Spit Trail extension starts in fall
These are busy times for the city of Homer.
Natural gas is making its way to the southern peninsula. Work on the Deep Water Dock is under way. Harbor work is planned to begin soon. And the well-used Homer Spit Trail is due for an extension, which will bring a smile to those who put the trail to good use. That work also will provide a staging area and rest-rooms for cruise ship passengers and address some harbor concerns.
Funding for the project comes from two different sources, the Alaska Department of Transportation and Public Facilities and a cruise ship head tax.
A portion of the cruise ship head tax also is being used to make improvements to the Deep Water Dock and construct two restrooms in Homer downtown area, one near the WKFL Park and one near the intersection of Pioneer Avenue and Bartlett St.
“For the whole thing, including restrooms, I’m thinking $4 million,” said Carey Meyer, Homer’s public work director, of the Spit Trail project.
When complete, the work will add another 1.7 miles to the existing trail. It will tie into the existing trail’s end near the Nick Dudiak Fishing Lagoon, continue to the Homer Spit Road-Freight Dock Road intersection, continue above the edge of the harbor and tie in with the existing boardwalk, which will be widened to match the 10-foot width of the trail.
At Fish Dock Road, the trail will leave the harbor area, align with Homer Spit Road and continue to End of the Road Park, the parking area between the ferry terminal and Land’s End Resort. The route of the trail in that section helps route foot traffic away from the industrial portion of the Spit, according to Harbormaster Bryan Hawkins.
Two spurs are planned for the trail. One, at the Homer Spit Road-Freight Dock Road intersection, will continue past the load-launch area of the harbor and follow above the harbor to a staging area for cruise ship passengers at the base of the Deep Water Dock. The second spur veers off near Ice Dock Road, and continues to the entrance of the harbor.
“That’s a pretty important part for us, too” said Hawkins of the spur along the harbor entrance that ties in some with some erosion control work in that area that has been “a long-time goal for us to address.”
The project also includes paving and construction of a restroom at the End Of the Road Park, two viewing platforms along the harbor and a dozen rest areas with benches and interpretive signage.

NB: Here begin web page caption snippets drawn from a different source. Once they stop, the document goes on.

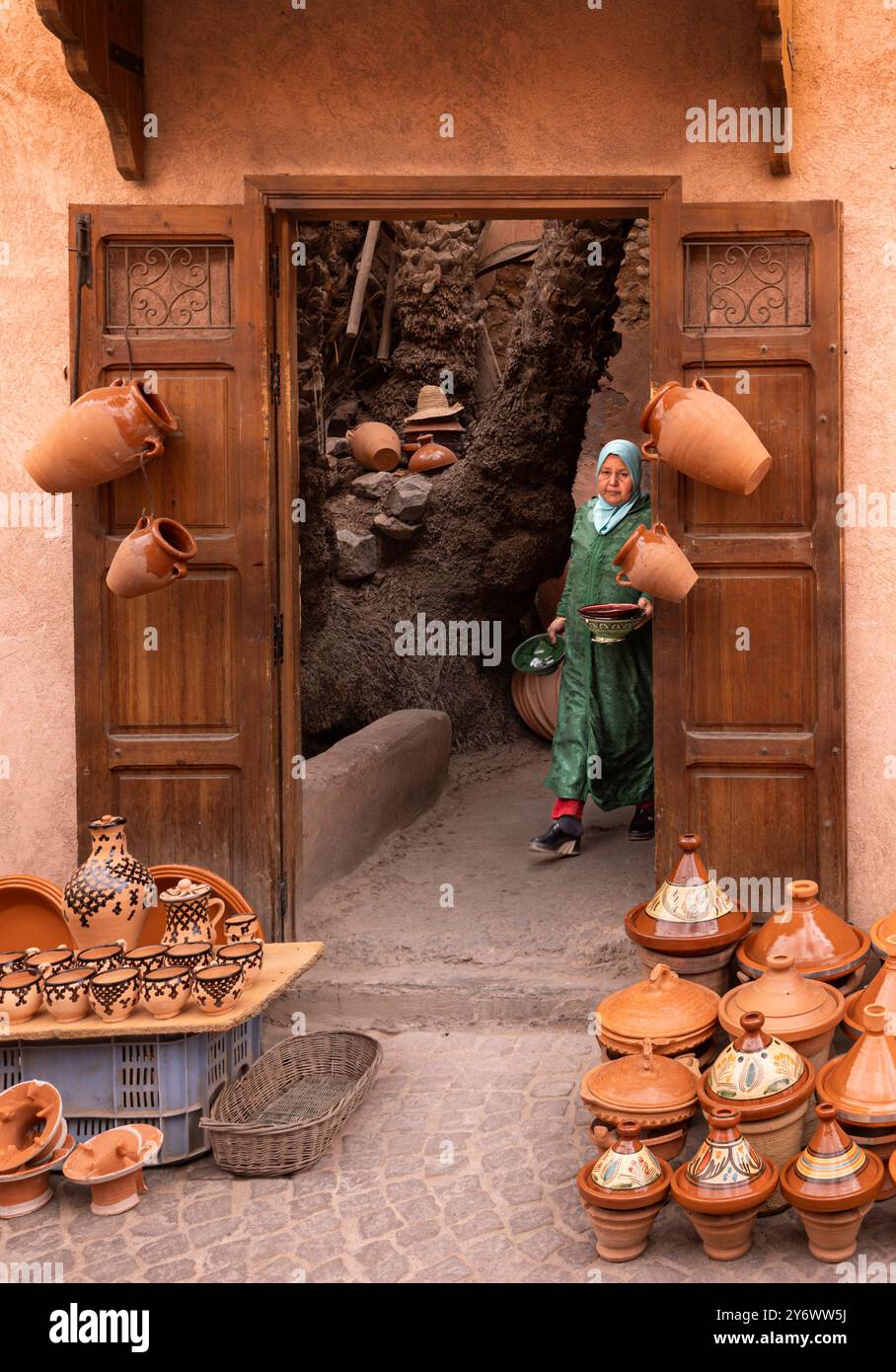 Una donna musulmana che indossa abiti tradizionali e hijab che porta ceramiche si trova all'ingresso di un tradizionale laboratorio di suk marocchino. La porta è ado Foto Stock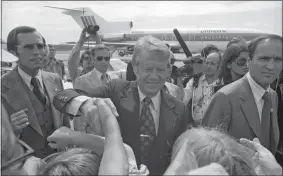  ?? ?? Left, presidenti­al candidate Jimmy Carter shakes hands on the campaign trail at what was then called Trumbull Airport in Groton on Sept. 7, 1976. He’s wearing a submarine tie clasp given to him by former Connecticu­t Gov. John N. Dempsey.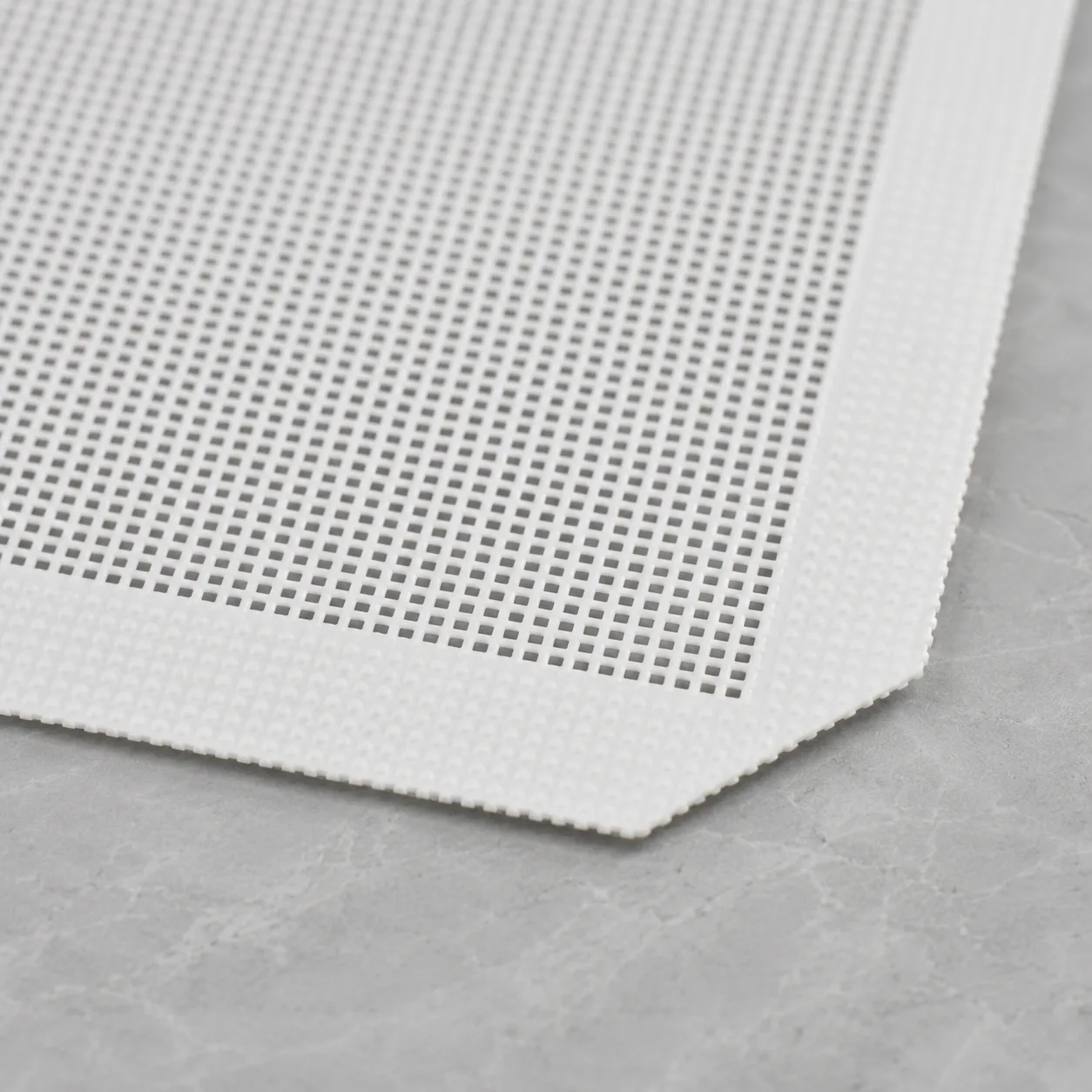 Close-up of silicone-coated fiberglass mesh and its reinforced border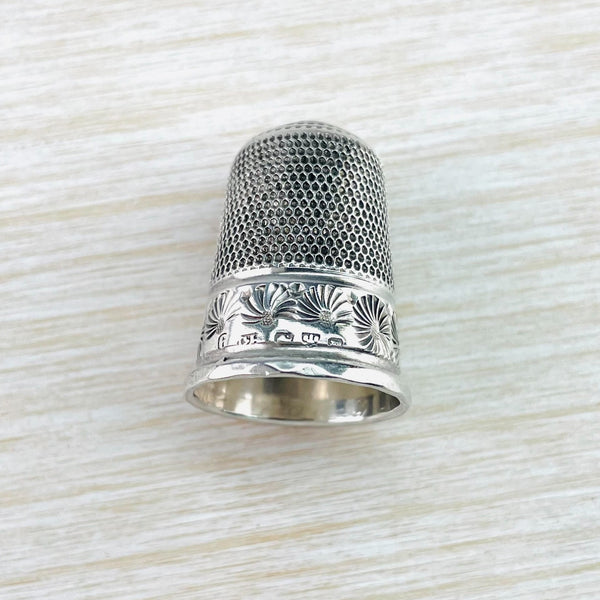 silver thimble with two different designs in two halves. The top is lots of little dots, the bottom is larger flower design, a little like a chrsanthemum. Their is a plain silver band around the bottom.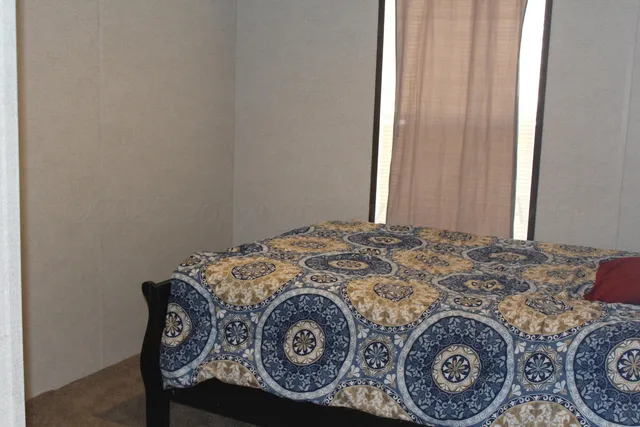 a bed sitting in a bedroom next to a window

The city has hired Dan Nelson as the project manager. The project is nearing 95 percent completion of the design phase, with the design being done by Kinney Engineering of Anchorage.
“They have quite a big of trail experience, including some work on the Coastal Trail,” said Meyer.
Landscaping will be added at the Homer Spit Road-Freight Dock Road intersection, what is known as a “gateway” area, near the viewing platform to be constructed at that corner of the harbor.
“There will be some signage about the harbor and some landscaping to keep it consistent what the Spit and a bermed area planted in beach grass with some logs, reminding the public about beach erosion and the importance of storm berms,” said Carey.
With 1 percent for art included in the project budget, a meeting with area artists was held last week.
“Proposals are due to the city in May,” said Meyer.
Hawkins sees the signage as an opportunity to also showcase local scientific work.
“We’ve got the arts group, but also a group that is more from the science community that is talking with Meyer about the interpretive signage,” said Hawkins. “We’re really blessed to have this great science community here. Let’s pull them in.”
Following a final review of the design, Meyer said he expects the project will be bid this summer with time for work to begin before the season is over.
“I think what we are anticipating happening is that the restrooms will be constructed this summer and up and operating by the end of the summer,” said Meyer. “And we think that probably the boardwalk is something we’d like to complete late this summer, taking advantage of the shoulder time after Labor Day.”
Scheduling around Spit activity has been a concern.
“That’s one of the challenges of the project in general, to do this construction with the least amount of impact on tourists and the public,” said Carey. “We’ll try to get some of those parts of the project that have the highest potential of impacting visitors towards the end of summer, with a lot of the trail work probably being completed early next summer.”
When all is said and done, “we’ll end up with a trail that completely encompasses the harbor rim and connects you back to town,” said Hawkins. “I think it’s something that benefits everybody. I think everybody enjoys trails.”
Numerous public meetings on the Spit Trail project have resulted in public input at several levels.
“We hope the result is a project that everybody can enjoy,” he said.